New and Expanded Programs
The four new and expanded CDM programs will include:
A new Residential Demand Response Program for homes with existing central air conditioning and smart thermostats to help deliver peak demand reductions. Households who meet the criteria could voluntarily enroll in this program and, alongside protections like disconnection moratoriums for residential customers, be paid an incentive in return for the IESO being able to reduce their cooling load on a select number of summer afternoons to reduce peak demand. There are an estimated 600,000 smart thermostats installed in Ontario.
Targeted support for greenhouses in Southwest Ontario, including incentives to install LED lighting, non-lighting measures or behind-the-meter distributed energy resources (DER), such as combined solar generation and battery storage.
Enhancements to the Save On Energy Retrofit Program for business, municipalities, institutional and industrial consumers to include custom energy-efficiency projects. Examples of potential projects could include chiller and other HVAC upgrades for a local arena, building automation and air handling systems for a hospital, or building envelope upgrades for a local business.
Enhancements to the Local Initiatives Program to reduce barriers to participation and to add flexibility for incentives for DER solutions.
It is the government’s intention that the new and expanded CDM programs will be available to eligible electricity customers beginning in Spring 2023.
The IESO estimates that the new program offers will deliver total provincial peak electricity demand savings of 285 megawatts (MW) and annual energy savings of 1.1 terawatt hours (TWh) by 2025, reflecting pandemic-era electricity usage shifts across Ontario.

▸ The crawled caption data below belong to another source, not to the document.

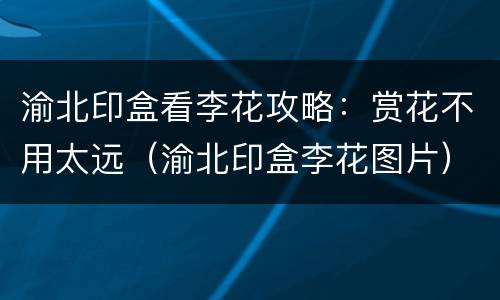 渝北印盒看李花攻略：赏花不用太远（渝北印盒李花图片）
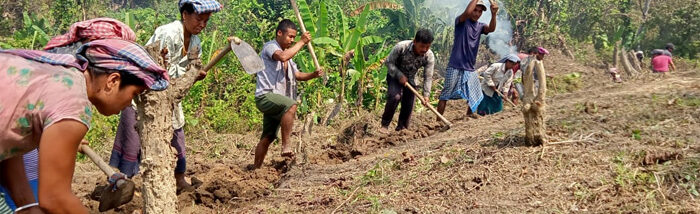 Collectivization – Key to attaining food security and sovereignty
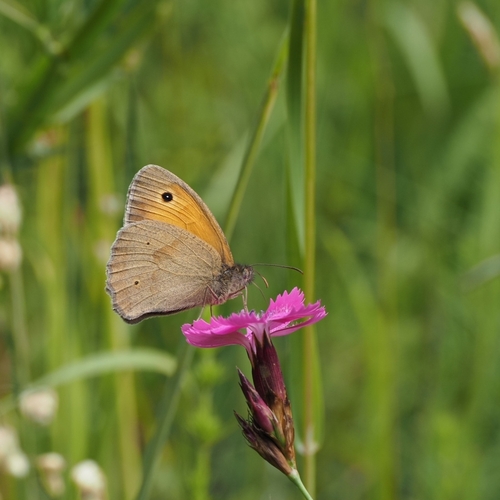 Meadow Brown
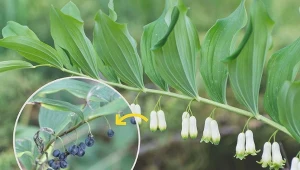 Wybór kokoryczek jest bardzo szeroki, więc z łatwością znajdziesz roślinę, która urozmaici cienisty zakątek w niebanalny sposób.
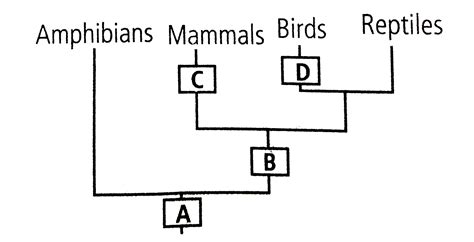 Animal classification is depicted below. Mark the correct option.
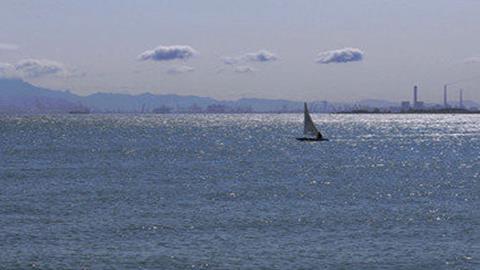 图片夏日泛舟海上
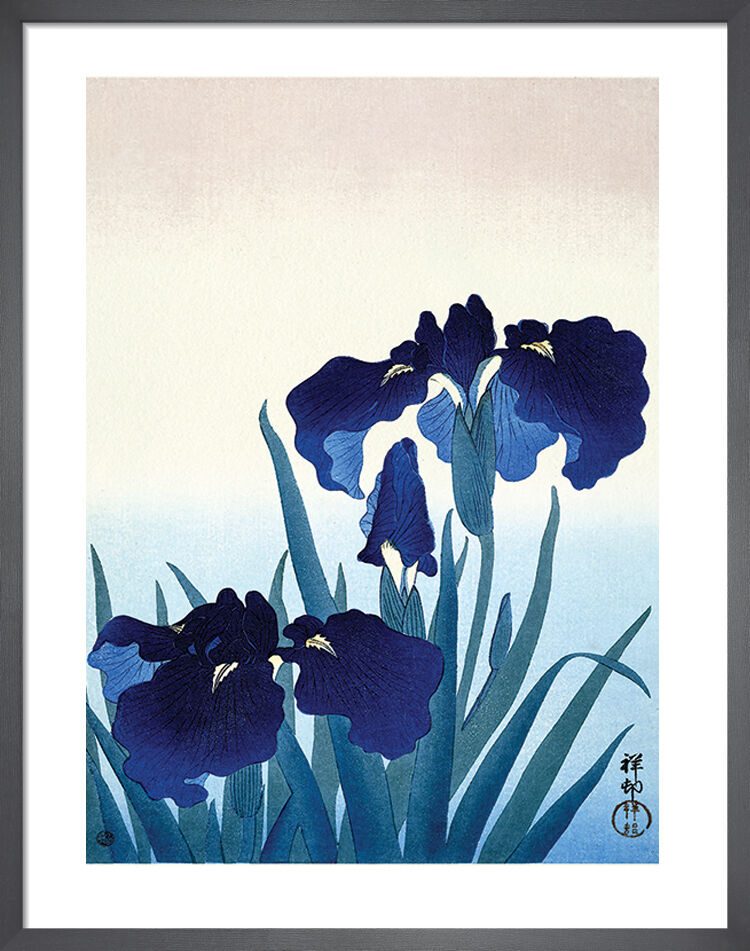 Iris Flowers Framed Art Print by Ohara Koson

Savings will persist beyond 2025 with a total reduction in system costs by approximately $650 million over the lifetime of the measures, and will support economic recovery, as seen with electricity relief during COVID-19 measures, decarbonization and energy cost management for homes and businesses.
These enhancements will have a particular impact in Southwest Ontario, with regional peak demand savings of 225 MW, helping to alleviate electricity system constraints in the region and foster economic development, supported by stable electricity pricing for industrial and commercial companies in Ontario.
The overall savings from this CDM programming will result in an estimated three million tonnes of greenhouse gas emissions reductions over the lifetime of the energy-efficiency measures to help achieve Ontario’s climate targets and protect the environment for the future.
The IESO will be updating the CDM Framework Program Plan, which provides a detailed breakdown of program budgets and energy savings and peak demand targets expected to be achieved.